Sunday’s episode of Last Week Tonight with John Oliver featured a lengthy stemwinder shredding PG&E to bits, and for good measure, razzing Gavin Newsom for going so easy on the wildfire-plagued utility.
In a post-Jon Stewart Daily Show world, we do still at least have the viciously intelligent satirical stylings of his former stand-in John Oliver on the brilliant HBO series Last Week Tonight with John Oliver. And this week's episode hit close to home for Californians affected by wildfires started by PG&E’s outdated equipment, and lordy, did Oliver hit PG&E hard in the spectacular, 24-minute long rant seen below.
Yes, the segment is nearly a half-hour long, and Oliver jabs at PG&E first at the 2:30 mark, and then again at the 14:40 mark. He has plenty of tragicomedy insult humor for other regional monopoly utilities like Duke Energy and FirstEnergy.

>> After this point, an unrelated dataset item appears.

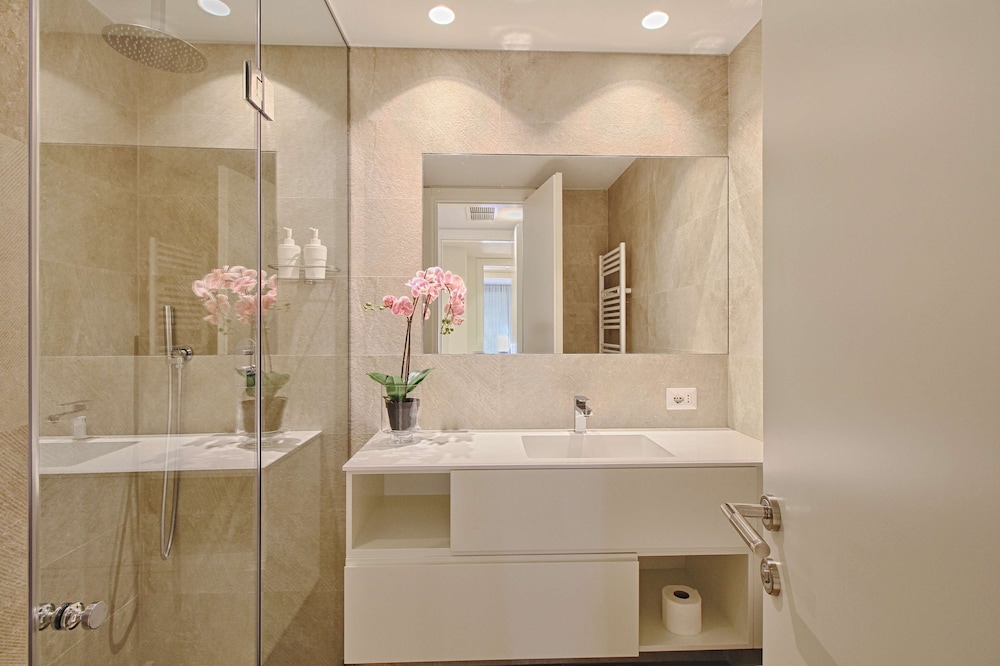 Standard Double or Twin Room photo 3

“Utilities are exceptionally prone to scandal,” Oliver declares. “Just Google your utility company right now and the word ‘scandal’, and chances are they’ve gotten into some major trouble. It’s like Googling your local Jimmy John’s and ‘e coli,’ or your favorite high school teacher and the words ‘January 6.’ You’re not going to like the results you find.”

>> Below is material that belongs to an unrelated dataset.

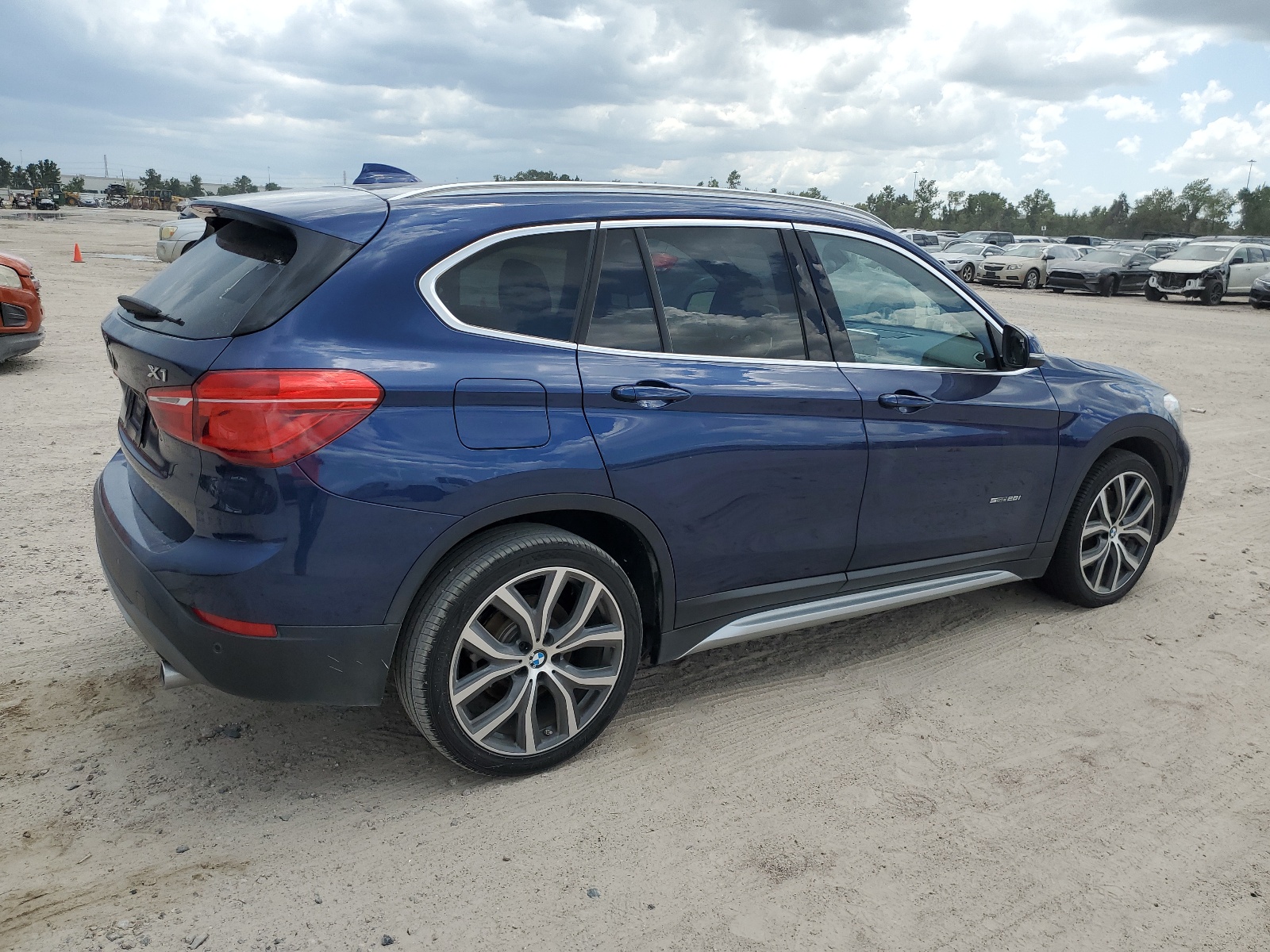 2017 BMW X1 Sdrive28I vin: WBXHU7C36H5H35897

The early bit he does on PG&E addresses their role in the Camp Fire, and it is hardly a laughing matter, considering the 84 counts of manslaughter involved, and how the fire was traced to a rusted transmission part that was 97 years old.
“We’ve talked before about the 2018 Camp Fire, the deadliest wildfire in California history, and how it all started when this hook holding up a PG&E transmission line broke causing the line to ignite the brush below, eventually decimating several nearby communities, and leaving 85 people dead,” Oliver explains. “PG&E had since paid fines and settlements. But it’s still very much in operation, despite the fact that this wasn’t close to the only scandal they’ve been involved in.”
“PG&E is not only not in prison, it is still supplying power to millions of Californians who have no choice in the matter,” he continues. "And if you’re thinking 'How the fuck is that possible?,' that is what this story is about. It’s about the incredible amount of power that we give to utilities.”
And he doesn't even get into the Erin Brockovich cancer stuff!
Oliver’s segment meanders, as he often does, to side jokes involving things like sausage races at baseball games, and a viral video of two ducks eating peas. But at the At the 14:40 mark, he brings it back to PG&E’s monopoly power.
“Let’s go back to PG&E, arguably California’s most hated company,” Oliver says. “For the record, fuck everyone in their C-suite with a cactus.
“You can see why Californians hate PG&E so much. In just one three-year timespan it was responsible for about 1,500 fires. That’s an average of more than one fire a day. At that point, PG&E are less of a utility, and more of a fire company that occasionally delivers power to people’s homes.”
Gavin Newsom gets it good too, for his laxness with the utility. Oliver shows a clip of a reporter confronting Newsom on the campaign contributions he’s taken from the company.
“PG&E was convicted of six federal felonies in 2016, after that, you took more than $200,000 from them to help get elected,” the reporter says. “How should people trust you to be running the show to come up with a solution?”
Gavin gives a haughty eye roll and responds, “I wish you luck with whatever you’re working on but that’s a strange question.”
Oliver explodes: “Is it? Is it, though? Because that seemed pretty reasonable to me. It’s not like that reporter asked, ‘Mr. Governor, why do you think The Wiggles had Princess Diana Killed?’ That is a strange question.”
“But what he just asked you deserved a proper answer and yet frustratingly, if you live in California and PG&E is your provider, there is nothing you can do,” Oliver points out. “Every time you turn your lights on, you are reminded that your utility has killed people, and the only real recourse you have is giving them a shitty Yelp review.”
Oliver throws some truth to power at the end, in a way too few news programs do.
“It's not like PG&E didn’t have the money to perform basic maintenance,” he notes. “Because in the five years before the Camp Fire, it issued more than $5 billion in dividends to shareholders. Look, clearly, this isn't a system where you the customer are going to be prioritized. If anything, the model only makes sense if the company’s shareholders are viewed as the customer, and your bills are the product.”
As a spoiler, we will note that the segment ends with John Oliver being murdered in front of a live studio audience, with an (obviously fake) memorial video playing for him. But this episode is still in rotation on HBO, and he'll be back with a new one this Sunday.